Axios Markets

September 16, 2024
Happy Monday! Let's do this. Today's newsletter is 1,152 words, a 4.5-minute read.
1 big thing: Why Harris and Trump can't stop talking about housing
For the first time in decades, the cost of housing is a key issue in a presidential election.
Why it matters: A shortage of affordable homes to buy or rent in the U.S. keeps home prices high. Record-high mortgage rates are putting monthly payments out of reach for many.
- Housing is typically the biggest cost in most people's budgets. Higher costs mean less money to spend on other things.
- That this issue is on both candidates' agendas reflects how urgent the long-simmering shortage has become.
The big picture: There's a core difference between Vice President Kamala Harris' detailed plans and former President Donald Trump's rhetoric.
- Harris frames the housing shortage mostly as a problem of supply.
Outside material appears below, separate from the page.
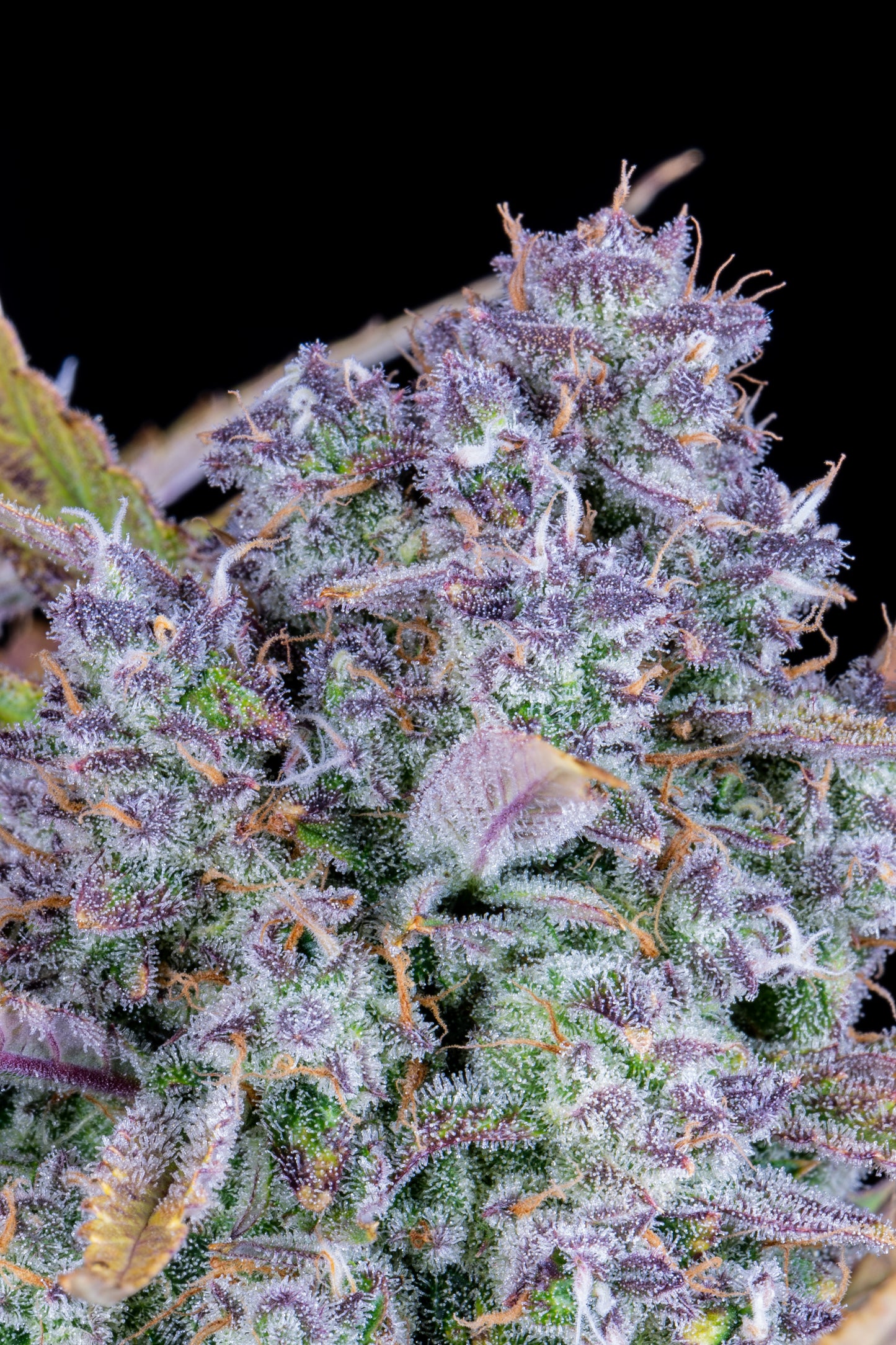 FastBuds Tropicana Cookies (Auto) 3 Stück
Her solution, broadly, is to build more homes.
- Trump frames this mostly as a demand problem. He and his running mate blame the housing shortage on immigrants.
State of play: Harris highlighted the housing shortage in her first debate answer last week. "We know that we have a shortage of homes and housing, and the cost of housing is too expensive for far too many people."
- Her housing plan, which includes tax breaks and incentives for homebuilders to build affordable homes to buy and rent, was part of her first economic proposal as a presidential candidate. She says it would lead to 3 million more homes; in line with a Moody's estimate of the shortfall.
- (It's worth noting she also wants to give first-time buyers a $25,000 tax credit, which would increase homebuying demand.)
Meanwhile: Trump doesn't have a detailed plan, but he's talking about the shortage. At a rally in Tucson last week he spoke in front of a sign that read, "Make housing affordable again."
- He talked about slashing mortgage rates and easing regulations to let builders build. Neither are things he would be able to control from the White House.
- He also wants to curb demand for housing by limiting undocumented immigrants' ability to buy or rent homes, as well as end the practice of providing shelter for migrants.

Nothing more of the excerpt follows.